• [Problem statement] From the first line of the records down to the one that holds "ROYAL CRAFT WOOD", transcribe each line exactly and add nothing.

• [Data to process]
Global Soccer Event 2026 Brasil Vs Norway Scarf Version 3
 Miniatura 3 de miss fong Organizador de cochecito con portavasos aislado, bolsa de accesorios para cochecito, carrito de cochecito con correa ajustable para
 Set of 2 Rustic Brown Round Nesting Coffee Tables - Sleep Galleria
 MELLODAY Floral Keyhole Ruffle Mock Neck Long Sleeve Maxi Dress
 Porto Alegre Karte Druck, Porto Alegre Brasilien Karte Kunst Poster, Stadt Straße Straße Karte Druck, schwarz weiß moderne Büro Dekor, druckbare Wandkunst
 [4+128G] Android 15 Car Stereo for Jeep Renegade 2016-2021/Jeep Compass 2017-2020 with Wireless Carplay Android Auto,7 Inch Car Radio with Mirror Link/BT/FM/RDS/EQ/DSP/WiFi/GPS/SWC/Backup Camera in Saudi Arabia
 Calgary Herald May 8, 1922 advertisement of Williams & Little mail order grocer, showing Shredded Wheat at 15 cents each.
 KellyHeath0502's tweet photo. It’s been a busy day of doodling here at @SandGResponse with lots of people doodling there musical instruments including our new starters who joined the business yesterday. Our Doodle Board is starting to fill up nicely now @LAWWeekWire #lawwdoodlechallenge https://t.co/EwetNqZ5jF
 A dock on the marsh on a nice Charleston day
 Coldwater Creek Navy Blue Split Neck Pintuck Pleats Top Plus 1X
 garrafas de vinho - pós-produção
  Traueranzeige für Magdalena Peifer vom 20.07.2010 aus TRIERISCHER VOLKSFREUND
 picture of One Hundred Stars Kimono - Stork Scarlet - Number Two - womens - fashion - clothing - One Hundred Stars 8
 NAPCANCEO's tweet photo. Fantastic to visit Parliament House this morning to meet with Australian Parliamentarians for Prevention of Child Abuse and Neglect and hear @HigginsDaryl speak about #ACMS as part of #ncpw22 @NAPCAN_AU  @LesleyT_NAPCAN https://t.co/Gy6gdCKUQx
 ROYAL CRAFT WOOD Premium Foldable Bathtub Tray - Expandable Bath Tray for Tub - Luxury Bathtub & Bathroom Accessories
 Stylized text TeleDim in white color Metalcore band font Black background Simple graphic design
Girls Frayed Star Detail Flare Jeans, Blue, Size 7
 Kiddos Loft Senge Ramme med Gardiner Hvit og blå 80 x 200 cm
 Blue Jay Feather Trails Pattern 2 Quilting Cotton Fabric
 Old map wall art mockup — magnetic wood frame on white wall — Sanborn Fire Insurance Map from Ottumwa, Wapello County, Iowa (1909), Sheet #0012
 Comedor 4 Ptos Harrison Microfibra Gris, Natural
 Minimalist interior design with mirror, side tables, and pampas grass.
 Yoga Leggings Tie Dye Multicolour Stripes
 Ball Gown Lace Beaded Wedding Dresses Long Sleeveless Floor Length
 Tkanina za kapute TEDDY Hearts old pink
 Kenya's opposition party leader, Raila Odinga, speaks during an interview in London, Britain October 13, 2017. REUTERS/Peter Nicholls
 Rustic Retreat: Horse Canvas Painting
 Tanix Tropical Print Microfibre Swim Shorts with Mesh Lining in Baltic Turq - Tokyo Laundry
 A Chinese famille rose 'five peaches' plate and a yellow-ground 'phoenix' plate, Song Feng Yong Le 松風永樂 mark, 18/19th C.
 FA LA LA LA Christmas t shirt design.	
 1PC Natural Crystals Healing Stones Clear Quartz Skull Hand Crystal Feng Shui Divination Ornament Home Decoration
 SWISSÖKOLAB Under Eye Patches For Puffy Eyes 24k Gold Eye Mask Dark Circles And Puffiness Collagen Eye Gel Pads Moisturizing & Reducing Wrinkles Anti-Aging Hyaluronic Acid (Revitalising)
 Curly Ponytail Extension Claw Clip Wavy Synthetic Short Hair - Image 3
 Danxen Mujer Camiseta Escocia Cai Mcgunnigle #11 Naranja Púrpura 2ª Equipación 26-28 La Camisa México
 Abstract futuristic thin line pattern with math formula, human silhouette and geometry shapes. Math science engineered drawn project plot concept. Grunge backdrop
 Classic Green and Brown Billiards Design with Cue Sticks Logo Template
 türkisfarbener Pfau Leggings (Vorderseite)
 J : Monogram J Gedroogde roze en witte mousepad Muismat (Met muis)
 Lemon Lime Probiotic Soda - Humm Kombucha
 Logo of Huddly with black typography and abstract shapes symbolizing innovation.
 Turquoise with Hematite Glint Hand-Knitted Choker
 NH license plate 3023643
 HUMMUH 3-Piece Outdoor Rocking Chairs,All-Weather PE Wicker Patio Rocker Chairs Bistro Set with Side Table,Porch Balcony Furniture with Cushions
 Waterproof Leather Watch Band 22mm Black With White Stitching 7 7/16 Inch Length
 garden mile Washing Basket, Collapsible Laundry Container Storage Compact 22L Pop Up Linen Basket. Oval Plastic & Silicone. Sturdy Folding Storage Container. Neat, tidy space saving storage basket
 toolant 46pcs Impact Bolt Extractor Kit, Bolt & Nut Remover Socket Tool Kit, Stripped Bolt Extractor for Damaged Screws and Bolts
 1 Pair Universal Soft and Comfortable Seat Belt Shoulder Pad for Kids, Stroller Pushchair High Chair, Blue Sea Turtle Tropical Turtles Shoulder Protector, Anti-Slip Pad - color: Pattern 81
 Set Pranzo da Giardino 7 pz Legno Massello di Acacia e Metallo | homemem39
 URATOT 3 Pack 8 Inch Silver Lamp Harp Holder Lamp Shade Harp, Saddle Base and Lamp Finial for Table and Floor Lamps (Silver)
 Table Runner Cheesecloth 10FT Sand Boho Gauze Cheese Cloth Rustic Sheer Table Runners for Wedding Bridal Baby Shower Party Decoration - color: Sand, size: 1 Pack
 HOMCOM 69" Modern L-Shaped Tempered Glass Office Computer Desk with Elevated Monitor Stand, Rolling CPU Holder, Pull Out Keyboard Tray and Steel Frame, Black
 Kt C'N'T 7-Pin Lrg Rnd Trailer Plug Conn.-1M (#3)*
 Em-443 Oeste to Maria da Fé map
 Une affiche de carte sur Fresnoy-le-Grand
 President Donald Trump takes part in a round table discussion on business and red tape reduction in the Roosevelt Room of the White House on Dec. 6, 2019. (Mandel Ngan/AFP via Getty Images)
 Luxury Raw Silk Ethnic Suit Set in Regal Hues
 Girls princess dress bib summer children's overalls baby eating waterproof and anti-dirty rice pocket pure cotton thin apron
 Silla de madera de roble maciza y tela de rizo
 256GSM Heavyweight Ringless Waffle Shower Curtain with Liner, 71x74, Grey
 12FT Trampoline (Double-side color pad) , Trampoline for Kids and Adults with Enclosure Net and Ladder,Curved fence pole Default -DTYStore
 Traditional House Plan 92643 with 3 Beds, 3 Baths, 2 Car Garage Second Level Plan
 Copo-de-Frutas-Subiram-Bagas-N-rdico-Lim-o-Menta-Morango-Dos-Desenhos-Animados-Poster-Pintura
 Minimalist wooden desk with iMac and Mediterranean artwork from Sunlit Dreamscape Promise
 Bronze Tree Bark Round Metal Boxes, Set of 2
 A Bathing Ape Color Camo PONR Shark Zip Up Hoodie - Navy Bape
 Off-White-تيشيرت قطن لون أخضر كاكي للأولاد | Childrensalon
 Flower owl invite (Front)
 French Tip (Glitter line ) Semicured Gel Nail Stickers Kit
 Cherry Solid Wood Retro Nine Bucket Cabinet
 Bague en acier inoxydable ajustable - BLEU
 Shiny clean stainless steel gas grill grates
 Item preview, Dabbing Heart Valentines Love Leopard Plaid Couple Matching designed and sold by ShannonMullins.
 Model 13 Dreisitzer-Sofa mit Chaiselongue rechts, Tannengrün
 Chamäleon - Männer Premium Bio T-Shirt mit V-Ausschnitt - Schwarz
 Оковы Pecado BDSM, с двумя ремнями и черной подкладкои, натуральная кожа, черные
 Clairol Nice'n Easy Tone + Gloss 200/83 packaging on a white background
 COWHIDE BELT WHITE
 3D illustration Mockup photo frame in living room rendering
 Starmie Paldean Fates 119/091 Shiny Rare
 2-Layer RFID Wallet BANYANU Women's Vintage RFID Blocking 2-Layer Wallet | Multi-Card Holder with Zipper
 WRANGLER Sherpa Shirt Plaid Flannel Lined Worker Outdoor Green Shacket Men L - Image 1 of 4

• [Task answer]
Global Soccer Event 2026 Brasil Vs Norway Scarf Version 3
 Miniatura 3 de miss fong Organizador de cochecito con portavasos aislado, bolsa de accesorios para cochecito, carrito de cochecito con correa ajustable para
 Set of 2 Rustic Brown Round Nesting Coffee Tables - Sleep Galleria
 MELLODAY Floral Keyhole Ruffle Mock Neck Long Sleeve Maxi Dress
 Porto Alegre Karte Druck, Porto Alegre Brasilien Karte Kunst Poster, Stadt Straße Straße Karte Druck, schwarz weiß moderne Büro Dekor, druckbare Wandkunst
 [4+128G] Android 15 Car Stereo for Jeep Renegade 2016-2021/Jeep Compass 2017-2020 with Wireless Carplay Android Auto,7 Inch Car Radio with Mirror Link/BT/FM/RDS/EQ/DSP/WiFi/GPS/SWC/Backup Camera in Saudi Arabia
 Calgary Herald May 8, 1922 advertisement of Williams & Little mail order grocer, showing Shredded Wheat at 15 cents each.
 KellyHeath0502's tweet photo. It’s been a busy day of doodling here at @SandGResponse with lots of people doodling there musical instruments including our new starters who joined the business yesterday. Our Doodle Board is starting to fill up nicely now @LAWWeekWire #lawwdoodlechallenge https://t.co/EwetNqZ5jF
 A dock on the marsh on a nice Charleston day
 Coldwater Creek Navy Blue Split Neck Pintuck Pleats Top Plus 1X
 garrafas de vinho - pós-produção
  Traueranzeige für Magdalena Peifer vom 20.07.2010 aus TRIERISCHER VOLKSFREUND
 picture of One Hundred Stars Kimono - Stork Scarlet - Number Two - womens - fashion - clothing - One Hundred Stars 8
 NAPCANCEO's tweet photo. Fantastic to visit Parliament House this morning to meet with Australian Parliamentarians for Prevention of Child Abuse and Neglect and hear @HigginsDaryl speak about #ACMS as part of #ncpw22 @NAPCAN_AU  @LesleyT_NAPCAN https://t.co/Gy6gdCKUQx
 ROYAL CRAFT WOOD Premium Foldable Bathtub Tray - Expandable Bath Tray for Tub - Luxury Bathtub & Bathroom Accessories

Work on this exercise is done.